タイ-Thailand-
中国への旅で“バックパッカー”というヤツにとりつかれた私は、夏休みは絶対旅をすると決めていた。
けどヘタレの私は最初から1人でというところまでの決意が出来ず、前から旅行に興味を持ってくれていた友人玲ちゃんを誘い、
2004年8月18日、一緒にタイへ飛び立ちました。

1日目。8月18日。
新千歳空港を夕方に発ち、1時間時差のある台湾に、夜到着した。
格安チケットのため台湾で一泊する事になっているのだが、そんなたかが経由の一泊に払う金はナイ。
私達のベッドは空港のベンチである。
「さて、どこで寝ようかねぇ・・・」

本当は到着出口付近のベンチがクッションがきいてて寝やすそうだったけど、人の行き来が激しくて何となく落ち着かないので、
小心者の私たちは人っ気のない3階の搭乗カウンターのベンチで寝ることに。
しかし!
3階、寒い!
ビョービョーと冷房の風が吹きつけ、大した防寒対策をしていない私たちはとてもじゃないが寝つけない。
しかもベンチは硬くて痛い…。
早朝、耐え切れなくなった私たちは「1階の方が少しかマシかも…」と1階へ。

…めちゃめちゃ人寝てるやんけ!!!
「なんだくそー、ここで寝ればよかったね…。」
睡眠を取り直すか佇んでいると、「日本の方ですか?」振り返ると、男の子が二人。
早稲田の学生(!)という彼らは、私たちと同じく空港での一泊を終え、これからベトナムへ飛ぶとの事。
まぁこれも何かの縁という事で、一緒に朝食をとる事に。空港の売店で肉マンを買って食べた。
「……。」一同沈黙。
「においがダメ…」「ちょっとね…」
そんな中私は「うまくね?!」と一人モリモリ食べ、挙句の果てには玲ちゃんの肉マンまで奪って食べました。
ともあれ、アドレスを交換して、お互いそれぞれの搭乗口へ。

お互い良い旅になりますように!
ゆたかくんとよしのぶくん
(上)よしのぶくんとゆたかくん

2日目。8月19日。
ラッキーな事にビジネスクラスに乗せてもらえた私たちは一路タイへ。
空港に着くなりジットリと汗が…タイだ、タイに着いた…!
さて、本日これから向かう先は、タイの真ん中よりちょっと北の街スコータイ
とりあえず、スコータイ行きのバスが出るバスターミナルを目指す。
玲ちゃんは海外初めてだし、私がリードしなきゃ!
向こうから寄って来る野郎共は徹底的にシカトのつもりだったけど、荒木好みのイケメンタイボーイがやって来たので
素直にそのお兄さんについて行きました。

お兄さんの案内で無事にバスに乗れた私たち。
運転手に促されて降りてはみたが、「どこだ、ここ…?」
バスターミナルらしき建物は見当たらない。
それから何度も人に尋ねてバスを乗り降りし、やっとこさ、スコータイ行きのバスターミナルに着いた。
結局あのお兄さんの案内は正しかったんだろうか。
いや、多分すごい無駄な動きをしまくった気がするぞ。
あーでも写真くらい撮っておけばよかった。
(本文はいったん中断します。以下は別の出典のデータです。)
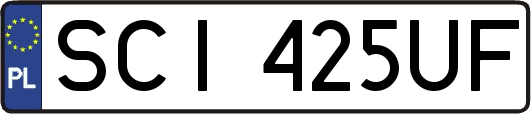 SCI425UF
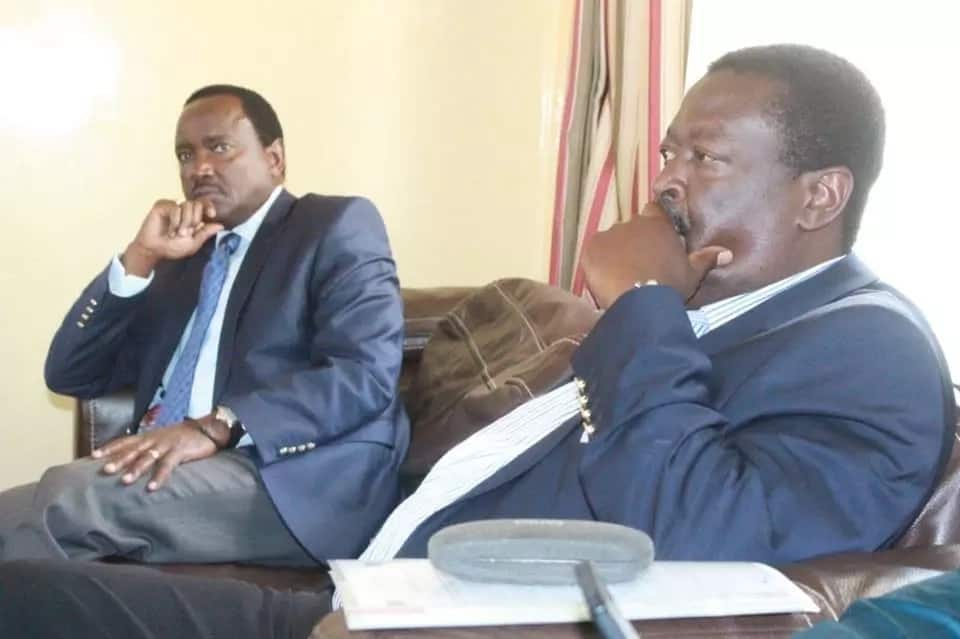 No reforms no elections on October 26- NASA team insists after meeting IEBC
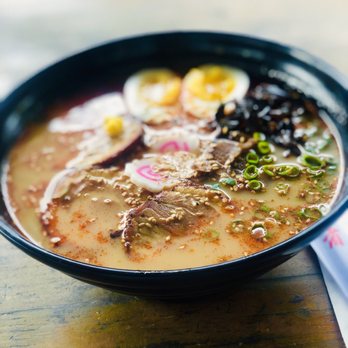 Sakura Noodle House - Hell Ramen - Ramen Near Me - Happy Valley, Oregon Sakura Noodle House - Hell Ramen - Ramen Near Me - Happy Valley, Oregon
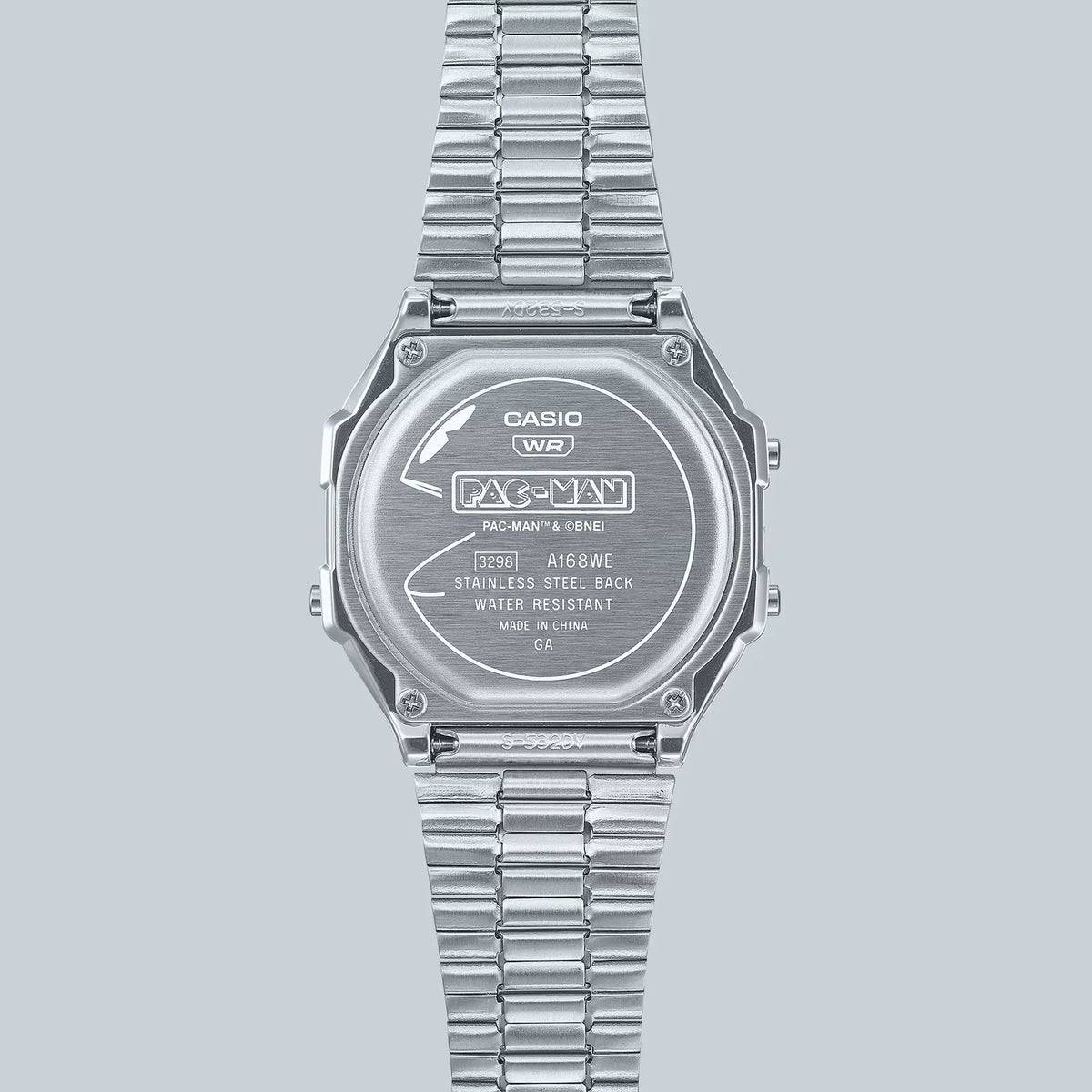 CASIO A168WEPC-7A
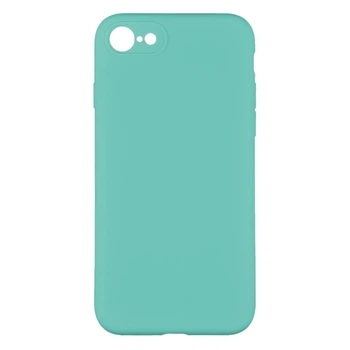 Чохол Silicone Case Full Camera no logo для iPhone 7/8/SE2 21.Sea Blue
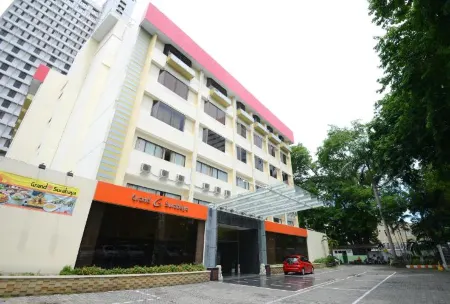 Grand Hotel Surabaya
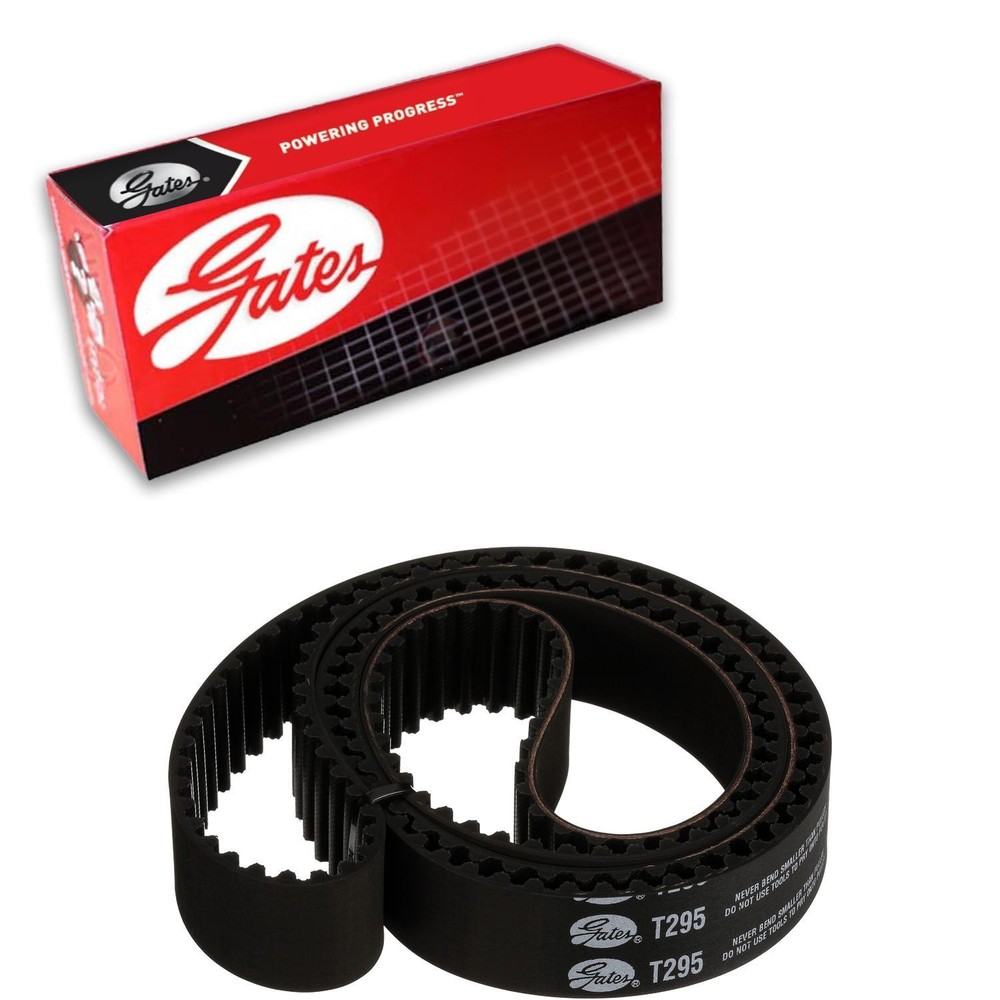 Gates Engine Timing Belt For 1998-2004 Dodge Intrepid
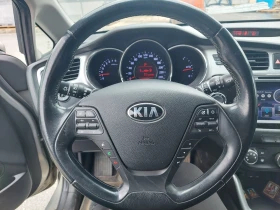 Kia Ceed - 7700 € / 15059.89 лв. - 51613481 10 | Car24.bg Kia Ceed - 7700 € / 15059.89 лв. - 51613481 10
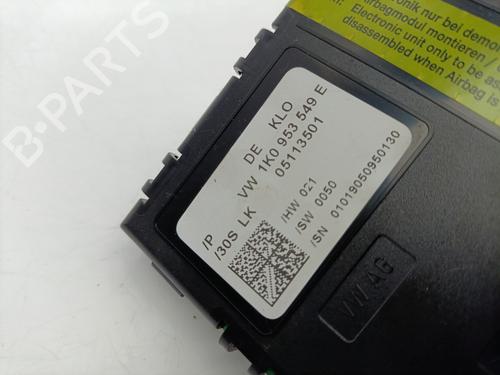 Computer verlichting AUDI A3 (8P1) 2.0 TDI 16V | BP25877672M55 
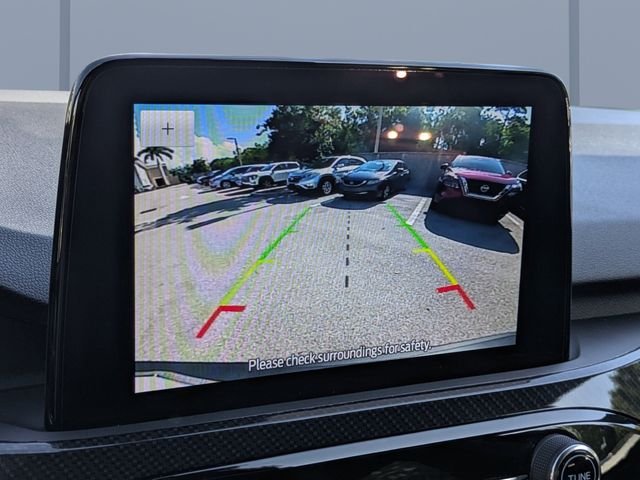 Used 2025 Gray Ford ST-Line image 21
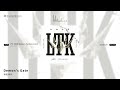 Demon's Gate / 濵田有共 [LTK 2026 Season: Pandemonium Original Sound Track]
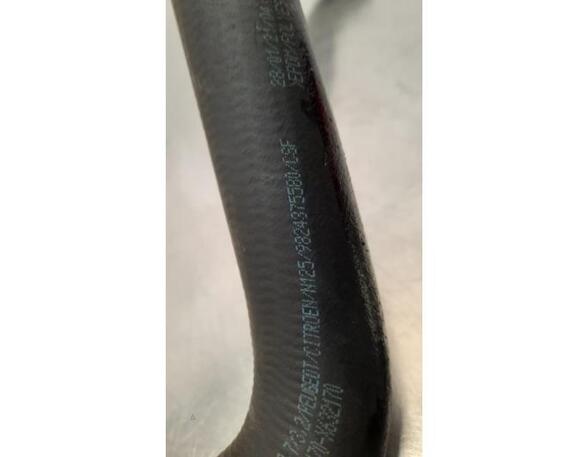 Radiator Hose PEUGEOT 2008 II (UD_, US_, UY_, UK_)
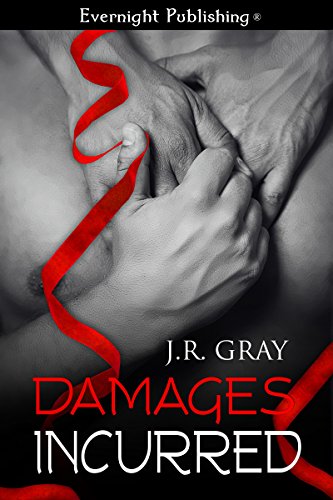 Damages Incurred (Bound Book 4) (English Edition)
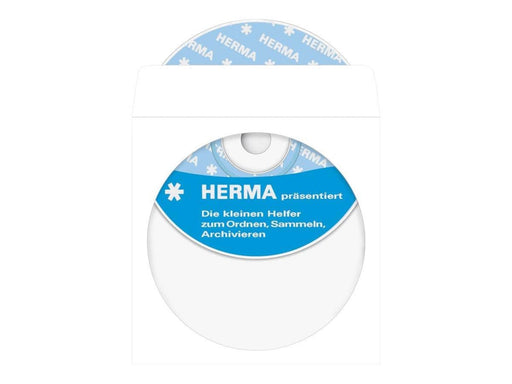 HERMA CD/DVD sleeve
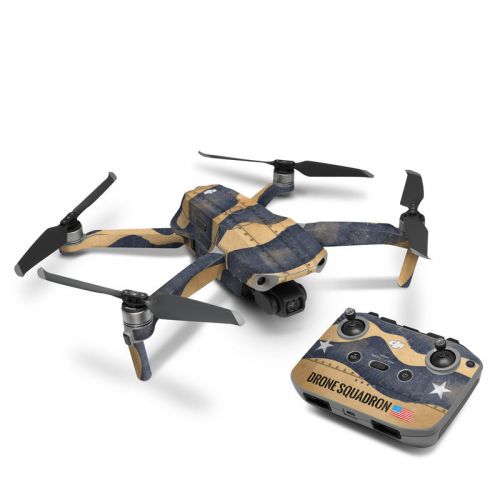 DJI Mavic Air Fly More Combo (Arctic White) - Azusa-Iot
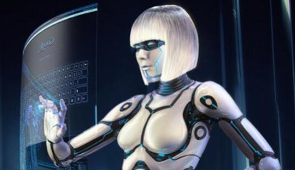 
            	進(jìn)入文明時(shí)代以來，人類就一直擔(dān)心有朝一日會(huì)遭遇“滅頂之災(zāi)”，比如說變異的病毒、小行星撞擊地球，以及核災(zāi)難等。隨著機(jī)器人技術(shù)的不斷演進(jìn)，人類的“噩夢清單”上恐怕又多了一項(xiàng)：人工智能有可能發(fā)展出自己的思想，進(jìn)而引發(fā)人類的“身份危機(jī)”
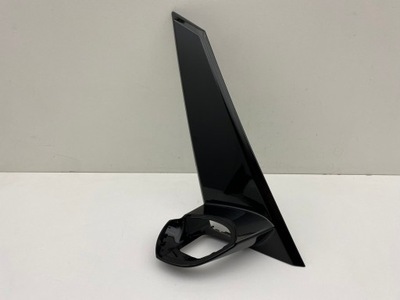 Bmw 2 f45 f46 lci правая молдинг корпус зеркало фото №1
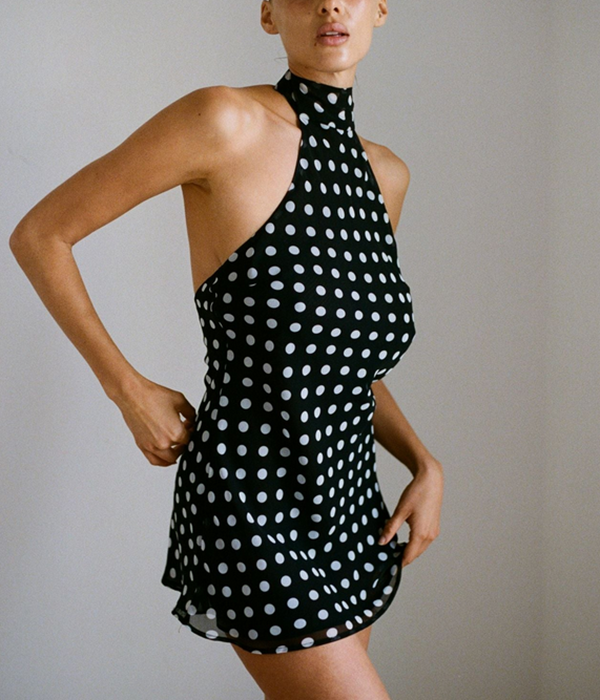 Womens Piper Dress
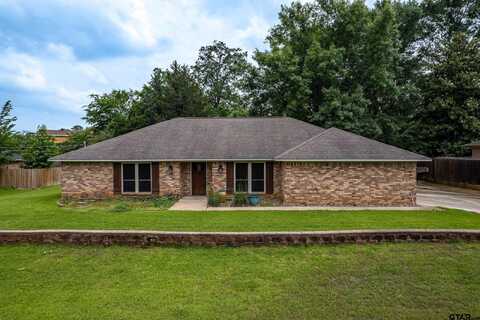 106 Forest South Dr, Whitehouse, TX 75791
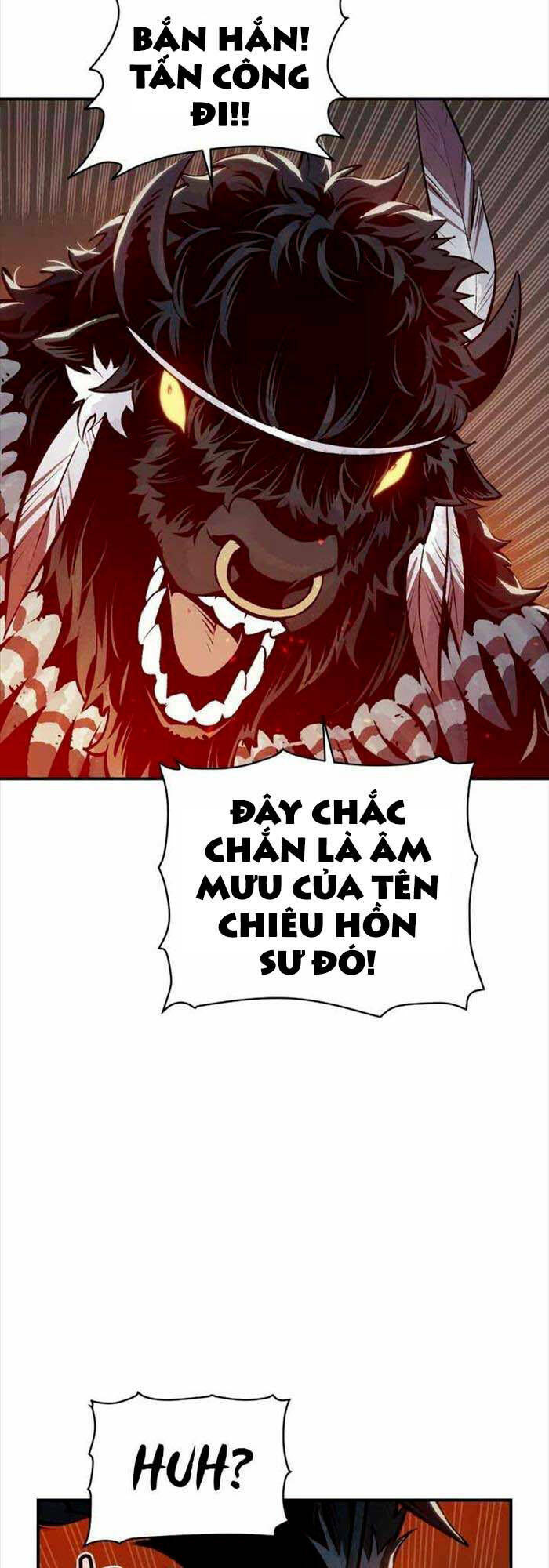 Độc Cô Tử Linh Sư - Chapter 97 - Page 34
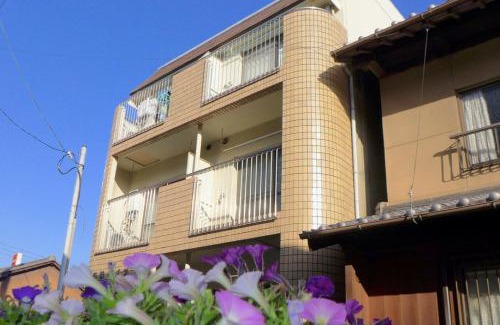 Ritsurin Cho Apartamento | Aoisora Aoiumi no guest house - Vacation STAY 74840v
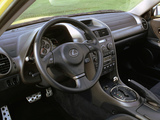 Lexus IS 300 Turbo (XE10) 2005 wallpapers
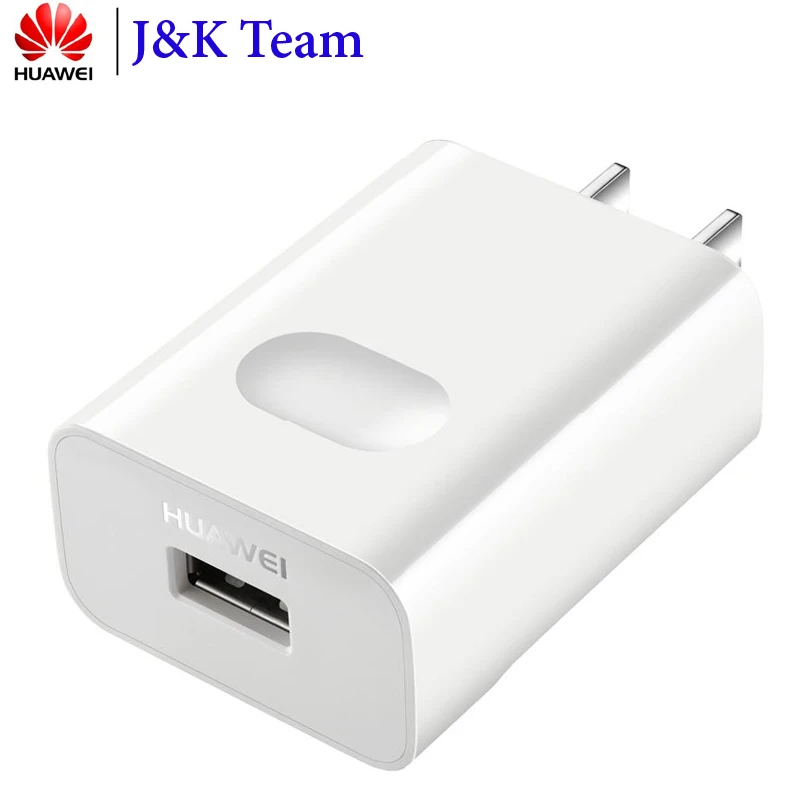 Оригинальное зарядное устройство huawei 5 В 2 А USB быстрая зарядка 100 240 вход ЕС США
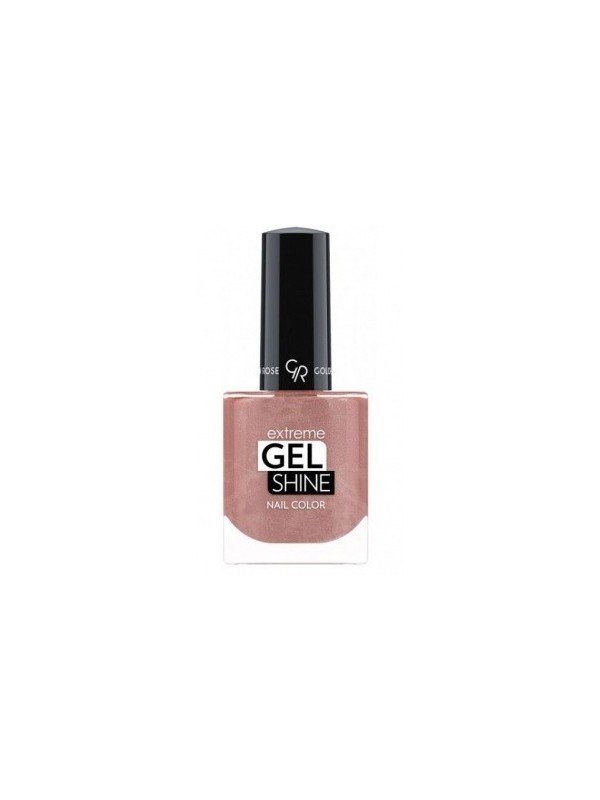 Golden Rose Extreme Gel Shine Gel nagellak /005/ 10,2 ml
お金も取られなかったし。(←まだ言ってる)

バンコクからスコータイまでは、バスで約7時間。
最初こそおんぼろバスに盛り上がっていた私たちだったが、だんだん外は暗くなり、しまいには雨が降り出した。
ちゃんと閉まらない窓からは雨が入り込み、しかもバスの中は無意味に冷房がガンガン効いている。
「南は暑い」の信条で来た私たち、昨夜といい、寒さに泣く。
「…ホットシャワーのあるとこに泊まろう…」
バスターミナルにはトゥクトゥクがたくさん待ち構えていたので、そう苦労なく私たちは宿に着く事が出来た。
ゲストハウスは日本人を含めたくさんのツーリストでにぎわっており、「…やっと着いたね…」
夜9時を回ってやっと最初の目的地スコータイに着き、感慨もひとしおの私たちでした。

スコータイ-Sukhothai-
3日目。8月20日。
このスコータイという街は、昔の仏像の遺跡がたくさん残っている事で有名な街。
私たちはチャリをレンタルして、街のあちこちに散らばる遺跡巡りをする事に。
どれも立派な遺跡なのに、これだけの数があるせいか、貸切になってしまうのが何とも贅沢。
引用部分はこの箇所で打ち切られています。